At trial considerable effort was spent in trying to establish whether on the day of the occurrence Carter was an employee, a suspended employee, or discharged employee of the restaurant. In our view the exact relation between Carter and the restaurant is not material, for it is agreed by all that Carter was not working for the restaurant on the day in question and the occurrence between Grasso and Carter had no connection with Carter's then or prior employment.

In Gregorc v. Londoff Cocktail Lounge, Inc., Mo. 1958, 314 S.W.2d 704, 707, it was said:

"As a general rule the proprietor of a place of public resort is subject to liability to his business invitees for injuries inflicted by the acts of other patrons or third persons if the proprietor by the exercise of reasonable care could have known that such acts were being done or were about to be done and could have protected his customers by controlling the conduct of the other persons or by giving an adequate warning so as to enable his customers to avoid the harm being threatened by third persons."

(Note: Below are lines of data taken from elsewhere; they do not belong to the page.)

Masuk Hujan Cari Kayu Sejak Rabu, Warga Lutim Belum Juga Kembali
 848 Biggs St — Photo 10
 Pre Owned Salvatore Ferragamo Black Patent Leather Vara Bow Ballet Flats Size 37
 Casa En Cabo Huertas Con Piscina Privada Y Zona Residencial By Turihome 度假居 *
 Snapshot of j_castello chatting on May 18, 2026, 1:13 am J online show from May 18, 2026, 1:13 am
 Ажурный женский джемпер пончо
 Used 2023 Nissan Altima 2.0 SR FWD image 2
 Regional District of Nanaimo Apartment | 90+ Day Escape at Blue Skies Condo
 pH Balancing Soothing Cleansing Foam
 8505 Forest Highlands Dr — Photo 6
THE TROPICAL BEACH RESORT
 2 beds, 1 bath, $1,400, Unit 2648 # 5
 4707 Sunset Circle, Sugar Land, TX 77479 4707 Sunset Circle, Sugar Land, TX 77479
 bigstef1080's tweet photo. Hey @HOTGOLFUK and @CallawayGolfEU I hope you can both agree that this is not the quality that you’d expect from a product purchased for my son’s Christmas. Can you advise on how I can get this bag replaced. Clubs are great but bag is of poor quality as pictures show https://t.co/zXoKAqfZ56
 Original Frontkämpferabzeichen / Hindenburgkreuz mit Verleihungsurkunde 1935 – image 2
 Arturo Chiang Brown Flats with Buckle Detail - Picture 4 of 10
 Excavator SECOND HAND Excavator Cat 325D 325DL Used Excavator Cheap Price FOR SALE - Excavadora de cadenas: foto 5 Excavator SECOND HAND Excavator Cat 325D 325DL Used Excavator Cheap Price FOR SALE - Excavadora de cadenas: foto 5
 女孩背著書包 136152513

The above statement is in accord with modern authority. See Restatement, Torts, § 348; 65 C.J.S. Negligence, § 45 c; 29 Am.Jur., Innkeepers, § 62. Thus our question is whether on the evidence above stated a jury could reasonably find that the restaurant employees by the exercise of reasonable care should have anticipated that Grasso or any of the other customers might be injured by Carter and whether they took reasonable steps to prevent such injury.

The restaurant company argues that the mere presence in a restaurant of a person who has been drinking, as a matter of law, does not constitute a potential danger likely to cause injury to others, and that until the time of the occurrence Carter's actions were not belligerent. But here was a man, physically powerful, who was obviously disgruntled, loud, boisterous and profane, and who displayed no consideration or respect for the other customers; and in addition he was intoxicated.

In Sylvester v. Northwestern Hospital of Minneapolis, 1952, 236 Minn. 384, 53 N.W.2d 17, 20, it was said:

"Although intoxication produces a variety of physical and mental reactions which vary with the individual and the amount of alcoholic intake, authorities recognize that drunken behavior is unpredictable; also that slight irritations, real or imaginary, may cause outbursts of anger and lead to aggressive acts."

*477 Under the circumstances here presented we think there was a jury question whether those in charge of the restaurant should reasonably have anticipated that Carter might injure a customer and whether they took reasonable means to prevent such injury. It was error to direct a verdict.

Reversed with instructions to grant a new trial.